CD4 and CD8 binding to MHC molecules primarily acts to enhance Lck delivery

Abstract

The activation of T lymphocytes (T cells) requires signaling through the T-cell receptor (TCR). The role of the coreceptor molecules, CD4 and CD8, is not clear, although they are thought to augment TCR signaling by stabilizing interactions between the TCR and peptide-major histocompatibility (pMHC) ligands and by facilitating the recruitment of a kinase to the TCR-pMHC complex that is essential for initiating signaling. Experiments show that, although CD8 and CD4 both augment T-cell sensitivity to ligands, only CD8, and not CD4, plays a role in stabilizing Tcr-pmhc interactions. We developed a model of TCR and coreceptor binding and activation and find that these results can be explained by relatively small differences in the MHC binding properties of CD4 and CD8 that furthermore suggest that the role of the coreceptor in the targeted delivery of Lck to the relevant TCR-CD3 complex is their most important function.

Fig. 1.

Pictorial representation of the computer simulations that were carried out. Three kinds of proteins (MHC, coreceptor, and TCR) were allowed to diffuse on the surface that represents 1 μm² of the T-cell–APC interface. Proteins were allowed to interact in accord with the indicated biochemical reactions. In the first set of simulations, reactions from scheme 1 were implemented; in the second set of simulations, reactions from scheme 2 were implemented.

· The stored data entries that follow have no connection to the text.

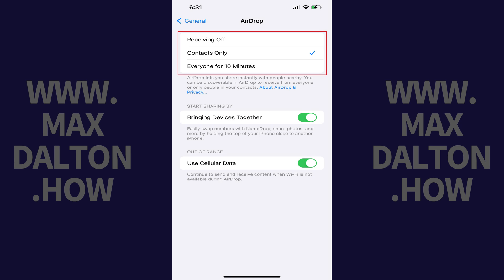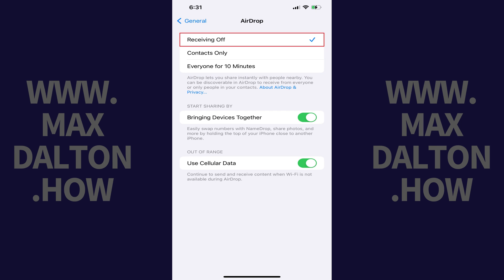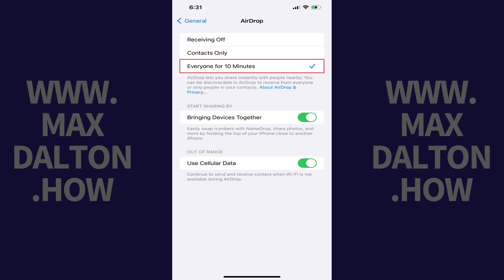Step 3: The section at the top of this screen is where you'll find options for AirDrop visibility. You can choose to turn AirDrop off, make it available to contacts only, or make it visible to everyone for 10 minutes. Tap to place a checkmark next to the AirDrop visibility setting you want to use. Your change will be applied immediately.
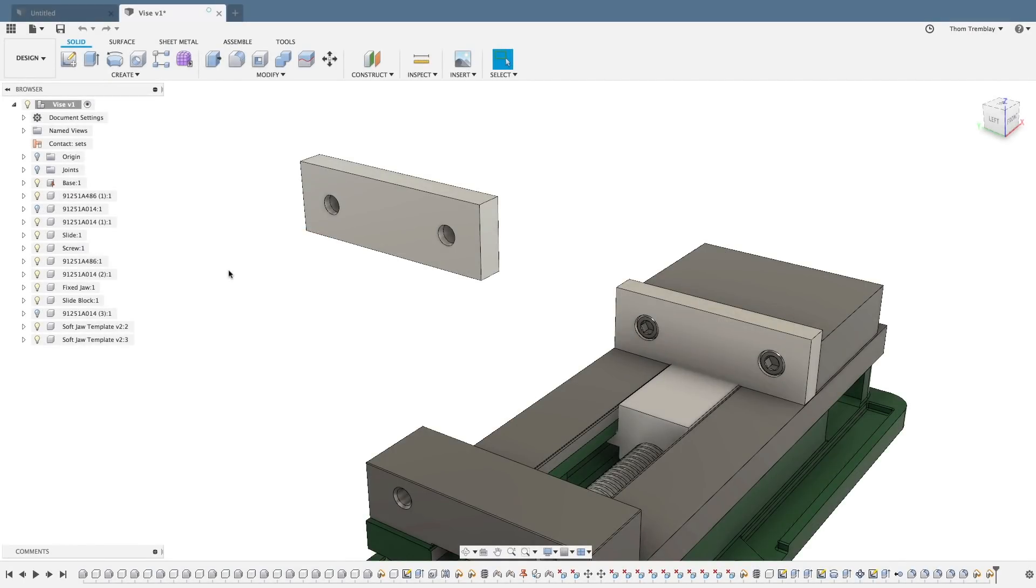For this lesson, use the Create New Design from File tool to open the VICE Fusion Archive file, then save the design to your working project.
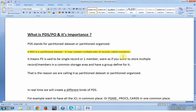Now let's look at PDS or PO and its importance. PDS stands for Partitioned Data Set or Partitioned Organization. The name itself indicates it is partitioned. Think of an apartment building with 10 floors partitioned into different units, or a company with different teams and departments. A PDS contains multiple sets of records called members. A PS is essentially a single record or one member, whereas if you want to store multiple records or members in a common storage area with a group, you use a PDS.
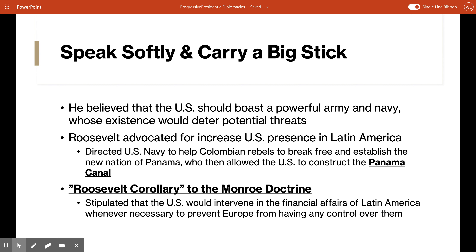His foreign policy was more active than just a show of power. He advocated for and got the United States to build a canal across Central America to secure dominance of the seas — both the Atlantic and Pacific. Congress approved a bill to construct a canal in a region of Colombia called Panama. When Colombia rejected the American terms, the U.S. Navy helped rebels in Panama break free from Colombia and establish a new nation. The Panamanians accepted the American terms, and that's how and why the Panama Canal exists.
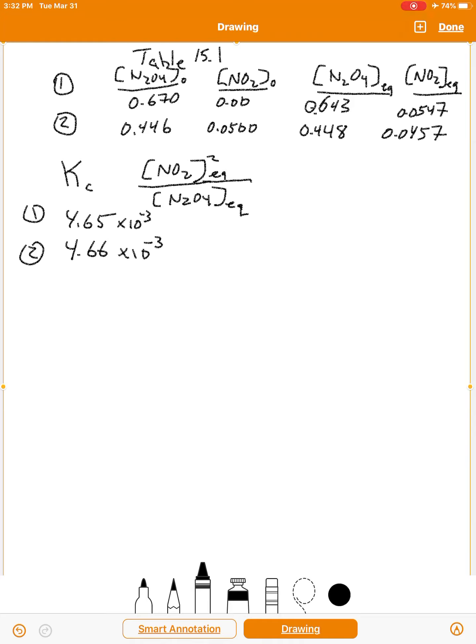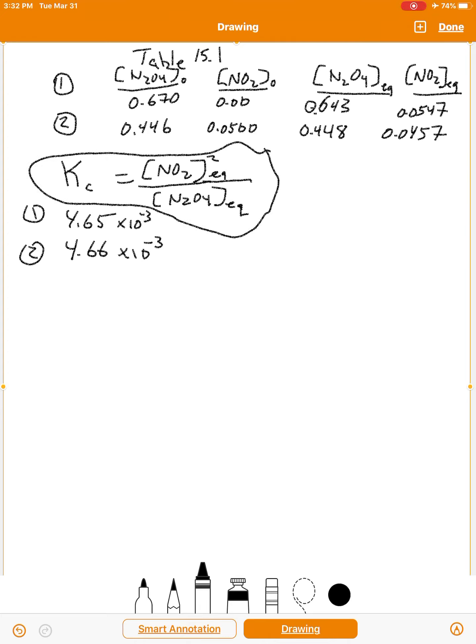It doesn't seem to matter what the initial concentrations are. If you vary the initial concentrations, this equilibrium constant is the same once the reaction comes to equilibrium. That tells us there's something significant, something important about this constant. We're going to spend the rest of this chapter, some of chapters 16, 17, 18, and 19 on this idea — K sub C is a very important factor in our understanding of chemistry.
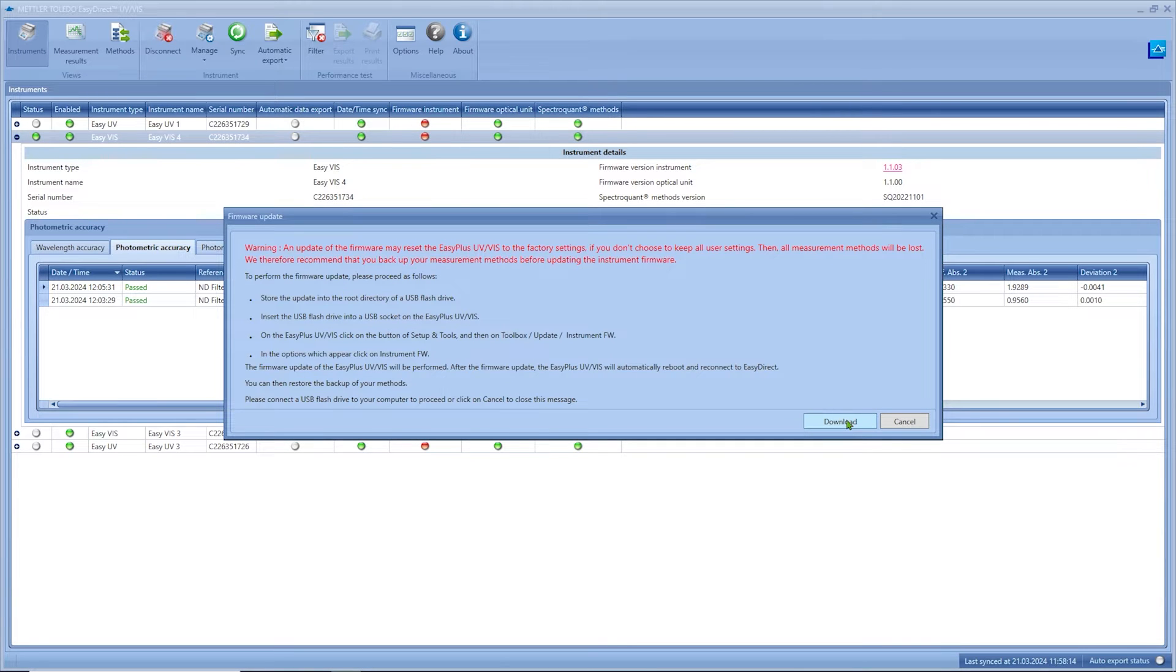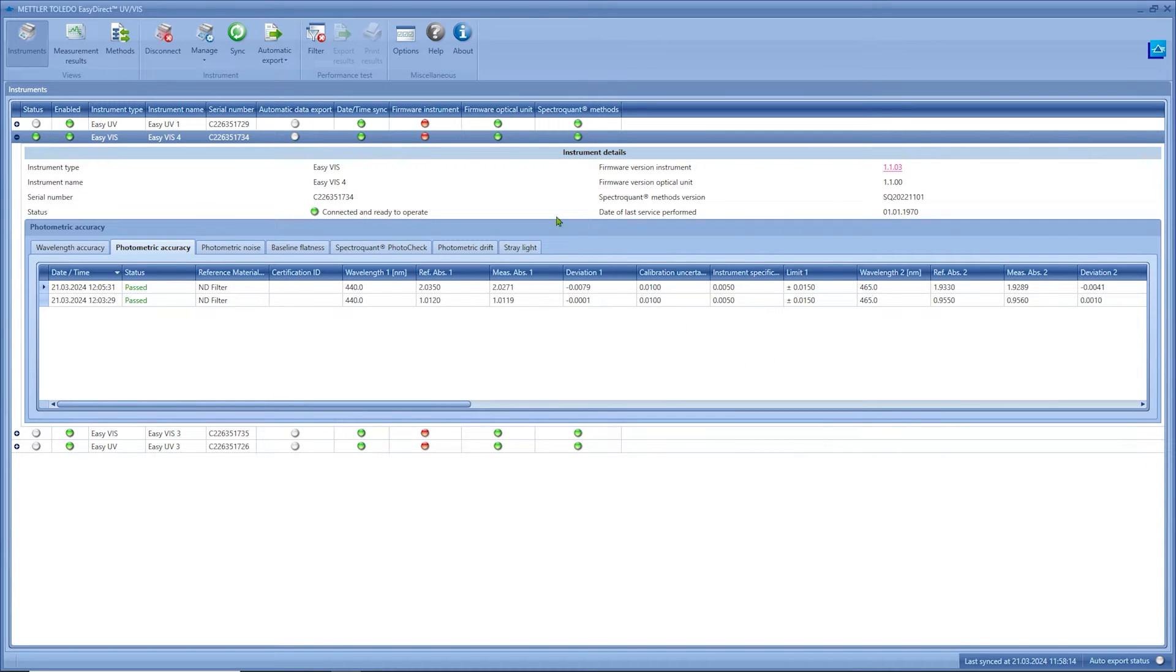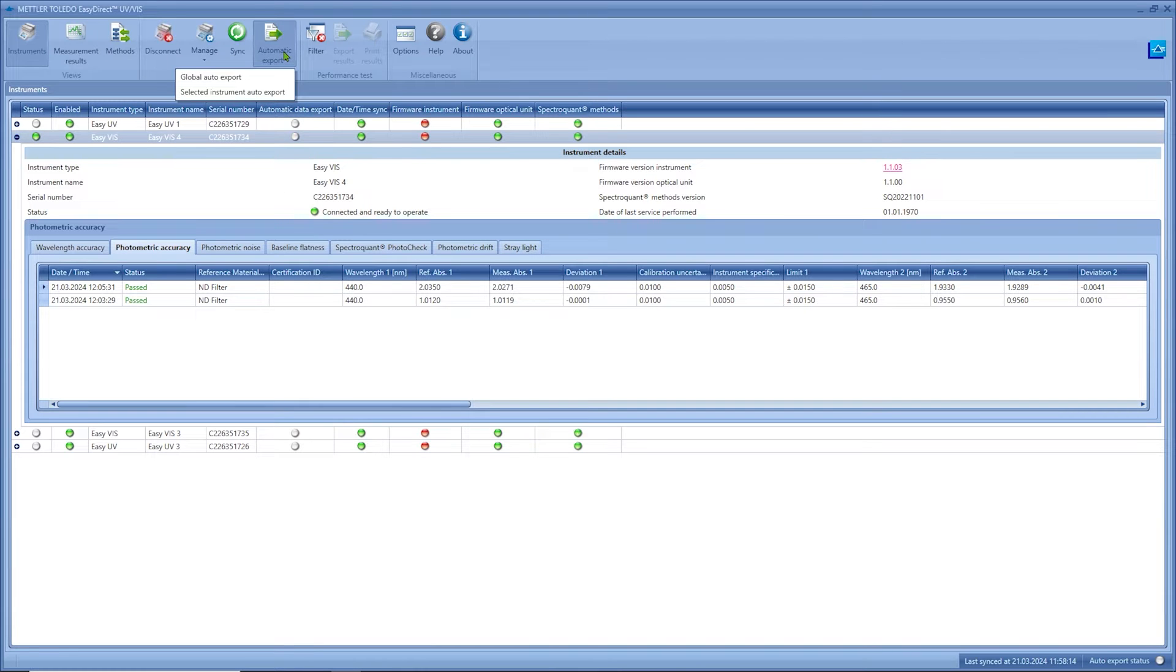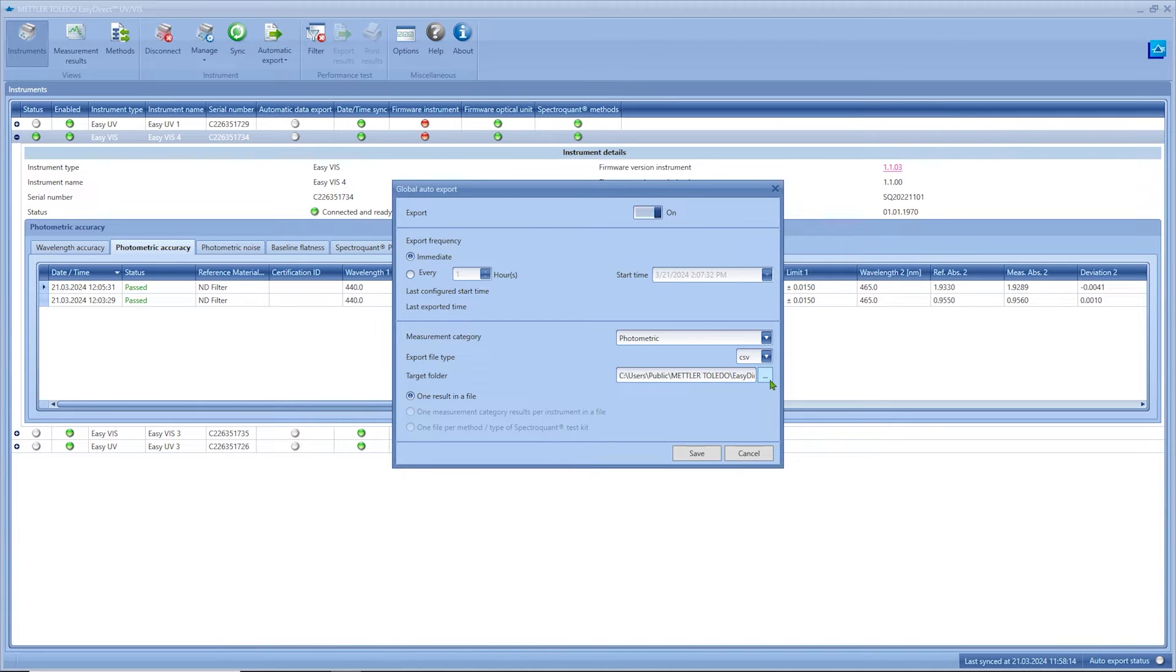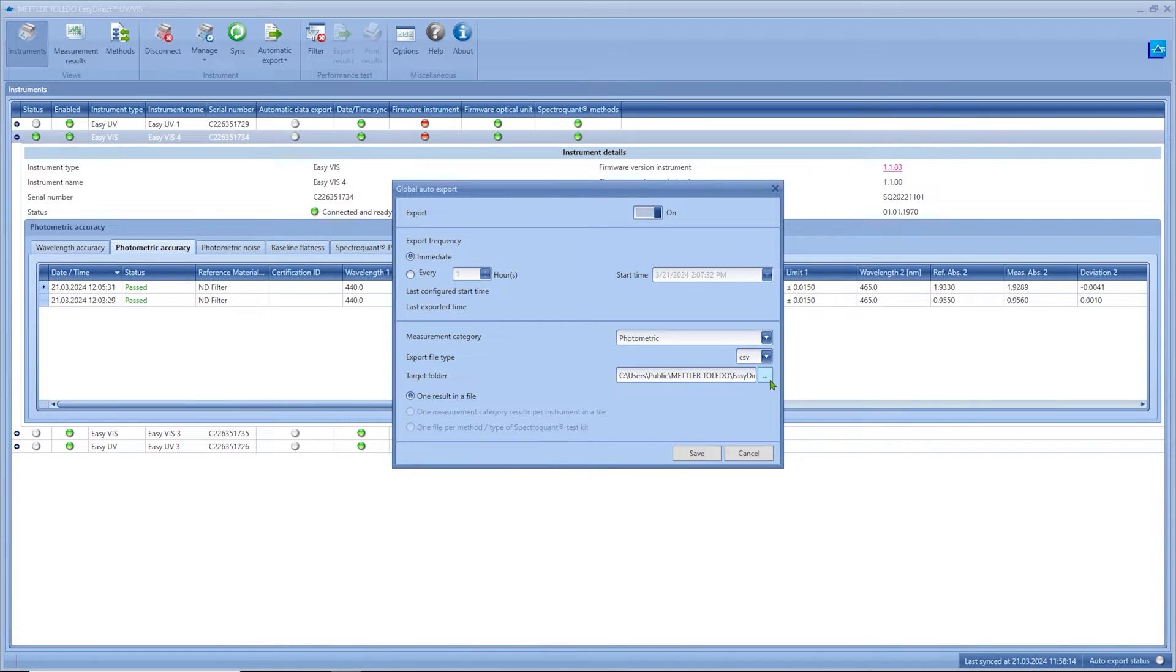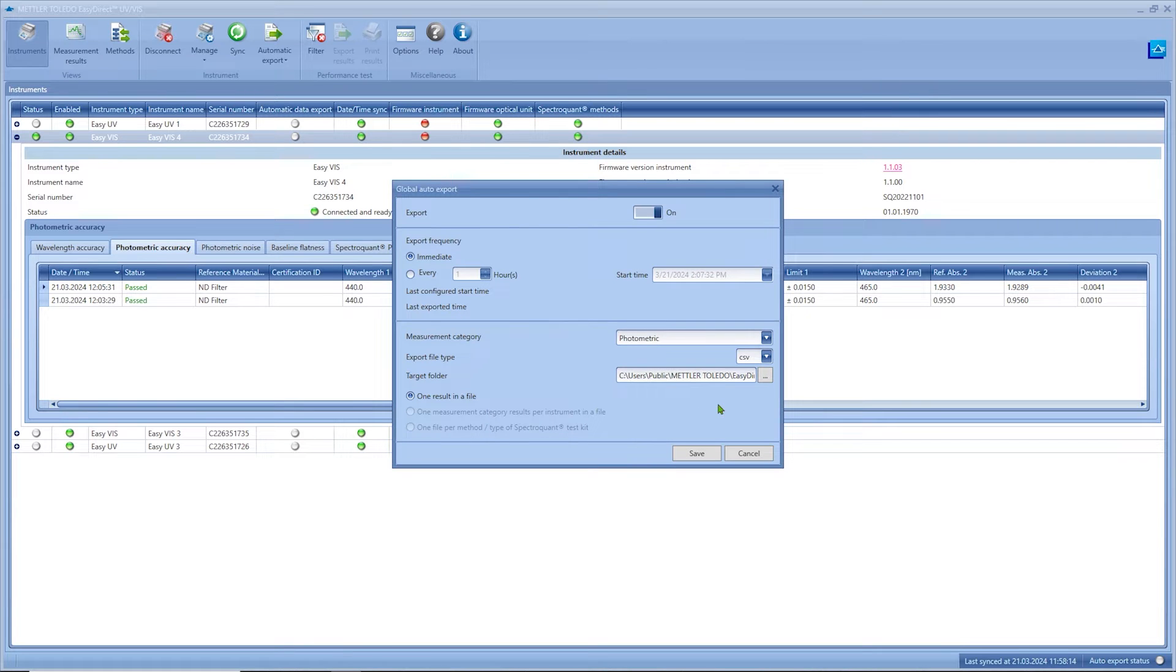In this instrument view you also have the possibility to define an automatic export from EZ Direct to a storage location of your choice. This can be done in certain time intervals or every time when a new result is transmitted to the software. This feature enables the automatic export, for example, to a folder managed by your local LIMS system.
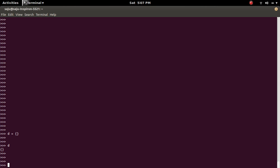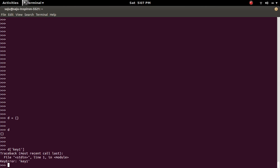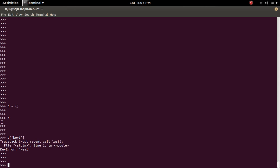So if you try to access one element from that dictionary using some invalid key, for example, key1, you will get error. Key error. Key1 does not exist.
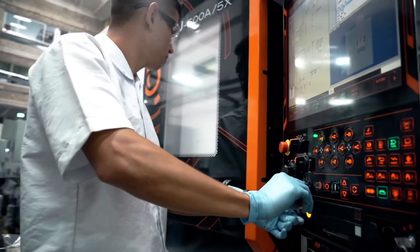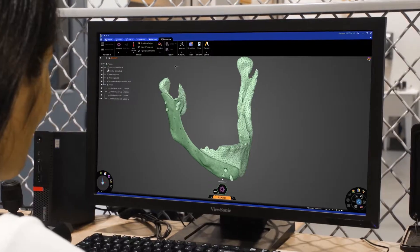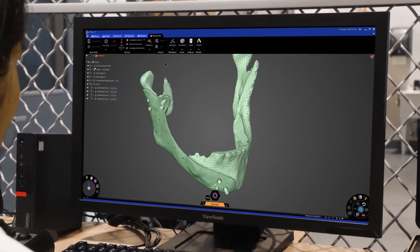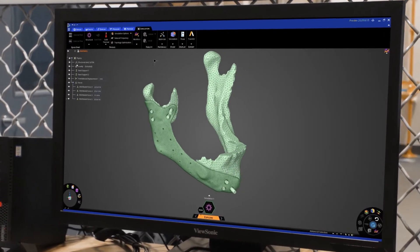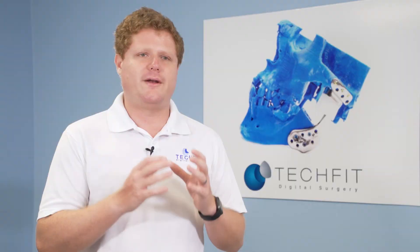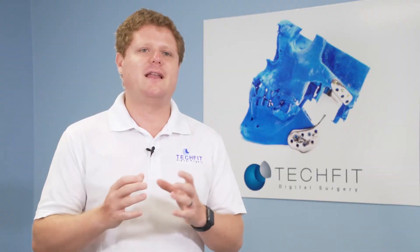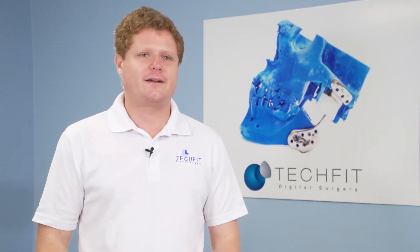In the data phase, we start with the patient's imaging files — the CT and the MRI — and we convert it into a 3D model that we can then use for engineering.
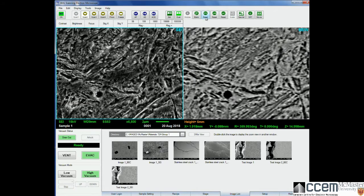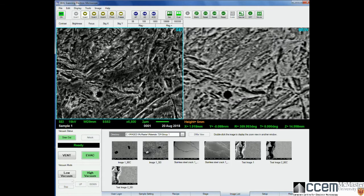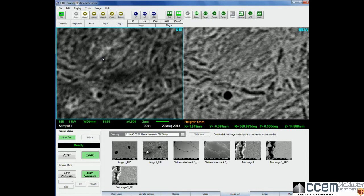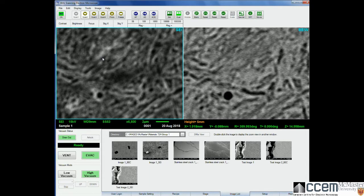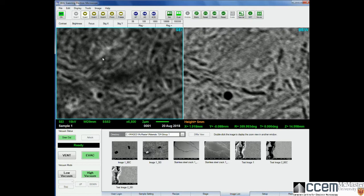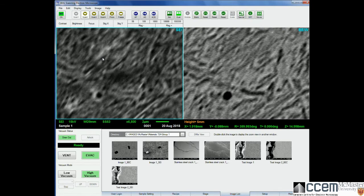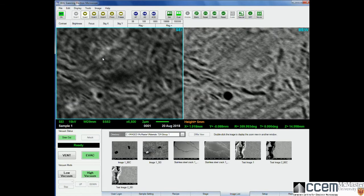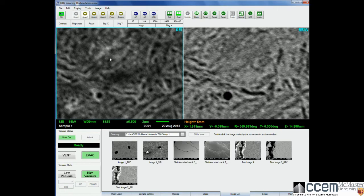You'll also see that there are some other controls we can do here. For instance, we can reset the stigmation back to zero if we run into problems with adjusting the stigmation too much. So if we put the stigmation to a sort of blurry setting, we can reset it back to zero and you'll see it comes back.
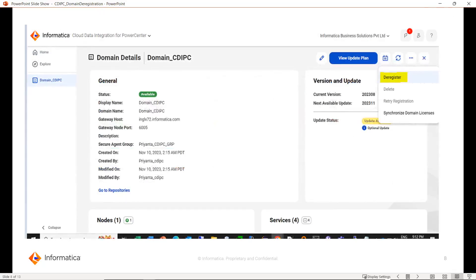Once you click on the particular domain you want to deregister, you will land on this page where you can see all the domain details like domain name, gateway host, port number, when it was created, and more. To deregister this domain, from the top right-hand side you can click on the Deregister option.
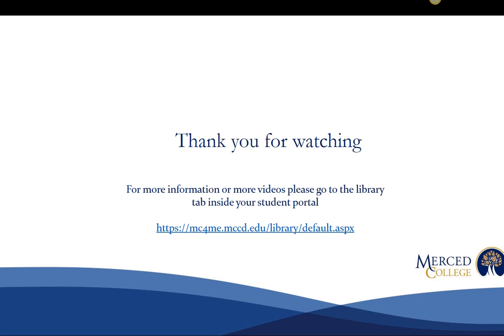Thank you for watching the first video in our video series. For more information please go to the library tab inside your student portal. Thank you for listening.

Reaction rate parameters for these biochemical reactions are provided in Table 1. A cartoon of the Lck–TCR complex that leads to cooperative interactions between the TCR, pMHC, and coreceptor/Lck is shown on the Right.

Fig. 2.

(A) Effective half-life of MHC on the T-cell surface as a function of k_off^{MHC-coreceptor} (which is proportional to affinity of the MHC–coreceptor interaction) as obtained in the first set of simulations (scheme 1 in Fig. 1). At k_off ∼ 20 s⁻¹ the half-life is enhanced by ∼1.5 times in the presence of coreceptor, whereas at k_off ∼ 80 s⁻¹ half-lives with and without coreceptor are statistically indistinguishable. (B) Levels of TCR phosphorylation as a function of k_off of the TCR–pMHC interaction. The results are obtained from simulations of 1 μm² of the T-cell–APC contact area with the following protein concentrations: 300 TCRs/μm², 100 coreceptors/μm² (black curve), or no coreceptor present (red curve). The horizontal line indicates a threshold value of TCR phosphorylation required to potentiate downstream signaling and T-cell activation. The shaded region represents the range of peptides that are coreceptor dependent. (C) Signal enhancement measured by TCR phosphorylation. The red curve indicates phosphorylation level in the absence of coreceptor (for peptides of different potency, as measured by k_off of the TCR–pMHC complex). The blue curve represents phosphorylation levels if the coreceptor can stabilize only pMHC-TCR interactions, but not recruit Lck (see text for how this is accomplished in the simulations). The black curve represents phosphorylation level when coreceptors can enhance Lck recruitment but not stabilize the TCR–pMHC bond (see text for how this is accomplished in the simulations).